See the 'drilling rig' example by Beau Brown in the case studies section as an example
of using the XGL import converter to move from SolidWorks to 3DS MAX.
Overview
This import converter reads in ASCII XGL formatted files as well as their ZGL compressed equivalents. Triangular mesh
data (with vertex normals and vertex uv texture coordinates), basic material
properties, embedded texture images and object hierarchy are imported from
the XML-style XGL file.
XGL is an ideal file format to export data from various supported 3D programs
(see below, primarily CAD packages) to an XGL viewing program, be it on a
local machine or across the Internet. XGL is also an ideal file format to
move data from these CAD packages into Okino's NuGraf Rendering System
software for viewing, visual editing and photo-realistic rendering.
The XGL file format is designed to represent 3D information for the purpose
of visualization. It attempts to capture all of the 3D information that can
be rendered by SGI's OpenGL rendering library. XGL uses XML 1.0 syntax, so it
is easy to write and be parsed. XGL is quickly becoming the ideal format for
transmitting 3D data over the Internet and enabling applications with complex
functionality, such as collaboration, configuration, and data association.
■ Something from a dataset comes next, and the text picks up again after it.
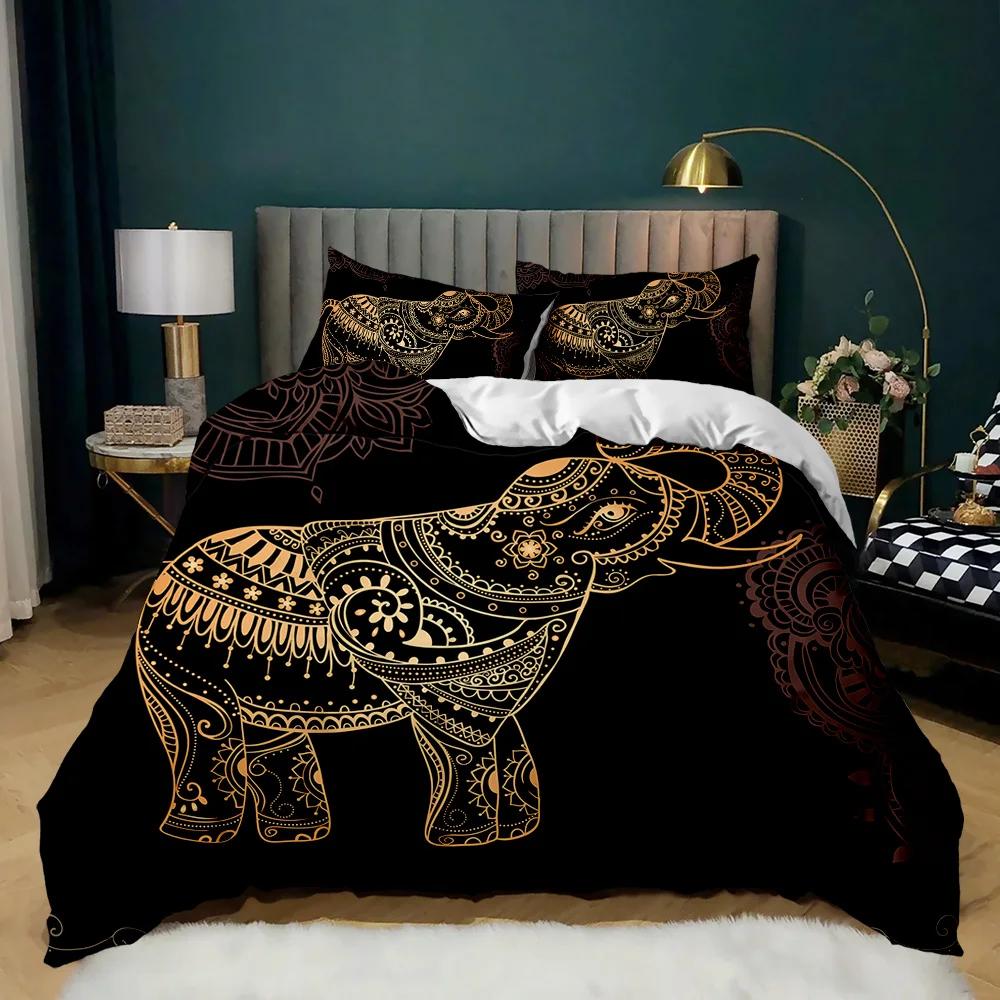 Boho Elephant Duvet Cover Set Bohemian Mandala Elephant Bedding Set Safari Animal Indian Exotic Queen King Polyester Quilt Cover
The XGL file format is defined and maintained by the XGL Consortium.
Products that Export XGL/ZGL Files
One of the key benefits of the XGL file format is the number of vendors who
export XGL files, primarily CAD software products.
Released product with XGL Export (at the time of writing):
The primary method to view XGL files is with the free XGL file viewer
distributed by RealityWave (www.realitywave.com).
RealityWave also provides XGL streaming capabily across the Internet using their VizStream WebKit.
Okino's NuGraf Rendering System is ideal for creating, importing, editing, and photo-realistic rendering of XGL objects. Both, NuGraf and PolyTrans, are fully capable of importing and exporting XGL files.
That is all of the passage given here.